In addition to fixing the visual glitches for GtkEntry and GtkComboBoxEntry the rendering of any kind of menu should be altered to allow slightly rounded corners - with matching drop-shadows - as well.

These widgets should be rendered like show in the screenshot-mock up here.

Migration

There will most certainly be legacy (GTK+-based) applications, which will crash or break in some kind of way, if RGBA-colormaps become the new default colormap of the used GTK+-theme. These need to be identified and fixed as soon as Ubuntu is able to ship a beta of a RGBA-enabled GTK+-theme. Those applications then need to be fixed upstream one at a time.

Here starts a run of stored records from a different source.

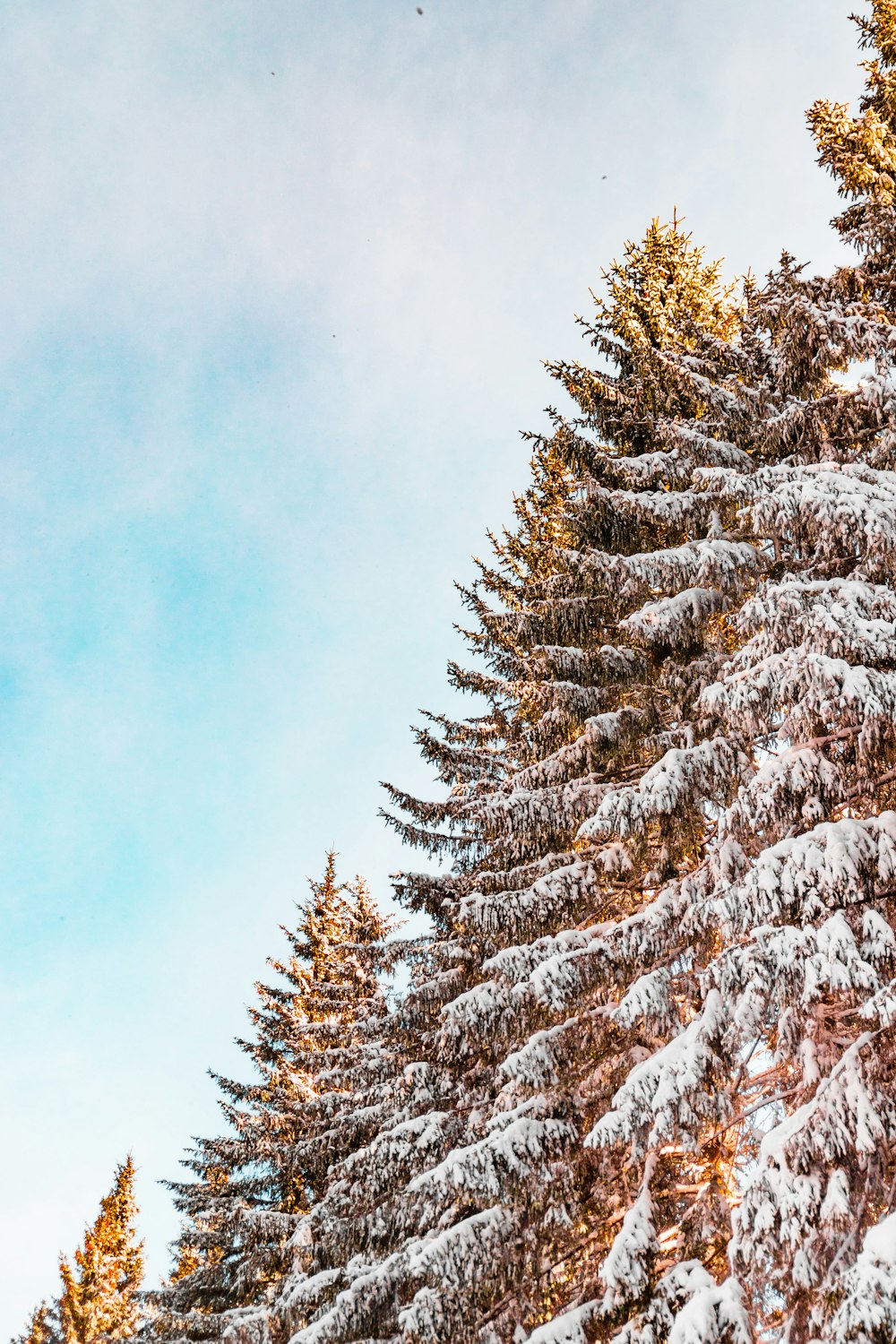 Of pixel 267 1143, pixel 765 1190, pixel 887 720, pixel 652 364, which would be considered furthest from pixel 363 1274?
pixel 652 364

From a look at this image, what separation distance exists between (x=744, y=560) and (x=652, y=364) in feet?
15.3

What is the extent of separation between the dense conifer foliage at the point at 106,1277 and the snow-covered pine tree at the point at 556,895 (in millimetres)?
17078

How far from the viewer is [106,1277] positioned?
2428 cm

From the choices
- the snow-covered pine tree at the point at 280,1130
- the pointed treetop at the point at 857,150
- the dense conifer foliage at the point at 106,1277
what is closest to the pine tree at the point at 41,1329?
the dense conifer foliage at the point at 106,1277

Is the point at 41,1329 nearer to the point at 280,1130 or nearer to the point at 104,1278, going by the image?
the point at 104,1278

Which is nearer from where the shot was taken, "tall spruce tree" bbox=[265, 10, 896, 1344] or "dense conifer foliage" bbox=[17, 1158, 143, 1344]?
"tall spruce tree" bbox=[265, 10, 896, 1344]

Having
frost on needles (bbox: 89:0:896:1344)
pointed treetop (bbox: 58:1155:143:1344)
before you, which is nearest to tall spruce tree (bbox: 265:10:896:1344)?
frost on needles (bbox: 89:0:896:1344)

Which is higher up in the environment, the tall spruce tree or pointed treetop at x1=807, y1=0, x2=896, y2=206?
pointed treetop at x1=807, y1=0, x2=896, y2=206

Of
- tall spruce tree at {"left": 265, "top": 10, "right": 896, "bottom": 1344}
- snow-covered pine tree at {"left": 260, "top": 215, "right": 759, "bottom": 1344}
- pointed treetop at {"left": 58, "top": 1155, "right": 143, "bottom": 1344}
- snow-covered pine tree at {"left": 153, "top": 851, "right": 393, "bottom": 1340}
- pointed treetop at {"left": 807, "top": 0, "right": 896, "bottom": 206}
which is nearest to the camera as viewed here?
tall spruce tree at {"left": 265, "top": 10, "right": 896, "bottom": 1344}

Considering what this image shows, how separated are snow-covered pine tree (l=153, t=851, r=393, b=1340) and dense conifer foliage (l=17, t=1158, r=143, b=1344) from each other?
27.1 ft

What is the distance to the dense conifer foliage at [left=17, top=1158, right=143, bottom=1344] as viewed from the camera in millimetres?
23203

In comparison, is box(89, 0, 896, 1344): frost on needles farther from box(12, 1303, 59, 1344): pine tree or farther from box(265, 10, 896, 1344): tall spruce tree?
box(12, 1303, 59, 1344): pine tree

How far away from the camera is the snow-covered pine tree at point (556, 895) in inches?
308

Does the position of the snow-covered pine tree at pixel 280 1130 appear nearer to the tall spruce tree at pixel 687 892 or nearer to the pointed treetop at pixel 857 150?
the tall spruce tree at pixel 687 892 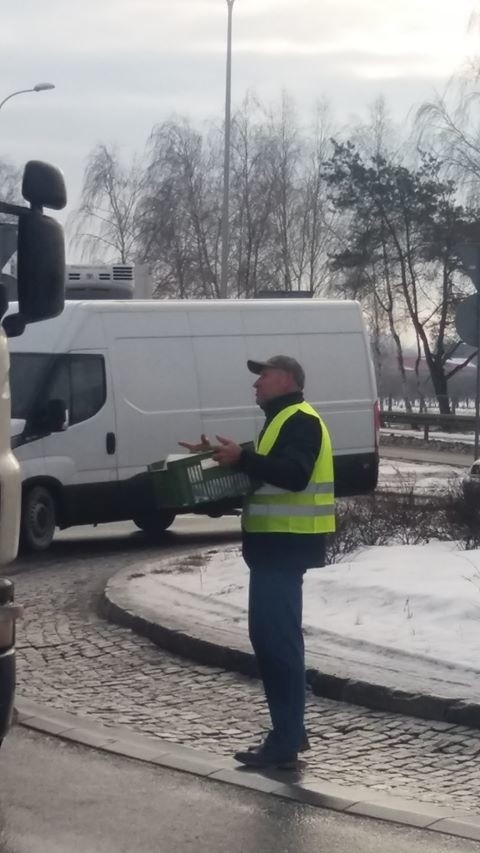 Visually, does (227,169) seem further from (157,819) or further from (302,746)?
(157,819)

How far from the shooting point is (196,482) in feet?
23.3

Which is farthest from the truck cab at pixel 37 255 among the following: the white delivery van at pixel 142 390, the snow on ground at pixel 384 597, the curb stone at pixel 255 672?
the white delivery van at pixel 142 390

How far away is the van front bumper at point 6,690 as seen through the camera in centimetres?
548

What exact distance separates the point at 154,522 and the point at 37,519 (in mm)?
2009

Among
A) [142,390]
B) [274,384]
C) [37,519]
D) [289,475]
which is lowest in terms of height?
[37,519]

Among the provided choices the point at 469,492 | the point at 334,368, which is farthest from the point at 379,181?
the point at 469,492

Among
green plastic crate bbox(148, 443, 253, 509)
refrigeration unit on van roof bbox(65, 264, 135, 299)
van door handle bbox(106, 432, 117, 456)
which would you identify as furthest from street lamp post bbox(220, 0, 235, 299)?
green plastic crate bbox(148, 443, 253, 509)

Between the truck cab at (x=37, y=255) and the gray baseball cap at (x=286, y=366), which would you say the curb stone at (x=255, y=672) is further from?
the truck cab at (x=37, y=255)

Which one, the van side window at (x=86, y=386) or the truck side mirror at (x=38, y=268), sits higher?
the truck side mirror at (x=38, y=268)

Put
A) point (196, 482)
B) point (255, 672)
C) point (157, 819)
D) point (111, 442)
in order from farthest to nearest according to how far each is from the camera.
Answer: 1. point (111, 442)
2. point (255, 672)
3. point (196, 482)
4. point (157, 819)

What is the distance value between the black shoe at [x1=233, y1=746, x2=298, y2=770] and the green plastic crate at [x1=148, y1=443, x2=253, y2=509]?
1.13m

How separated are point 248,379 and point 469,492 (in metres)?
3.92

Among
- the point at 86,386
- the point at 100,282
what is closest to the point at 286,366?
the point at 86,386

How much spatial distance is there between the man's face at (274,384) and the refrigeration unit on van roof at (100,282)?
12.2 m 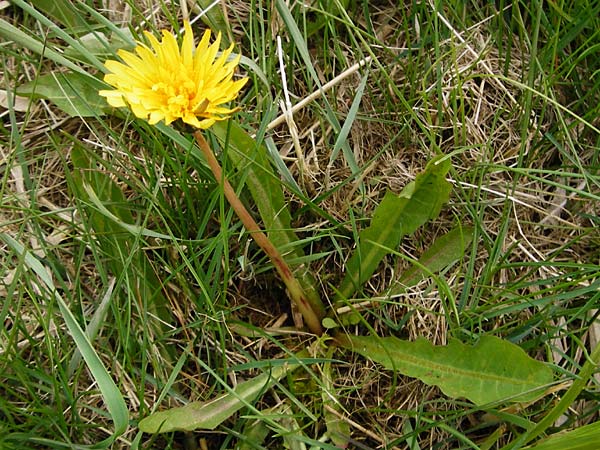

Should the application in question be closed source its users have to switch back to a non-RGBA GTK+-theme. Or we could provide a wrapper start-script that could be used to disable the use of RGBA-colormaps by default, when such closed source legacy applications are started via the applications-menu.

Test/Demo Plan

It's important that we are able to test new features, and demonstrate them to users. Use this section to describe a short plan that anybody can follow that demonstrates the feature is working. This can then be used during testing, and to show off after release.

This need not be added or completed until the specification is nearing beta.


CategorySpec

DesktopTeam/Specs/SpitAndPolish (last edited 2008-08-06 16:40:29 by localhost)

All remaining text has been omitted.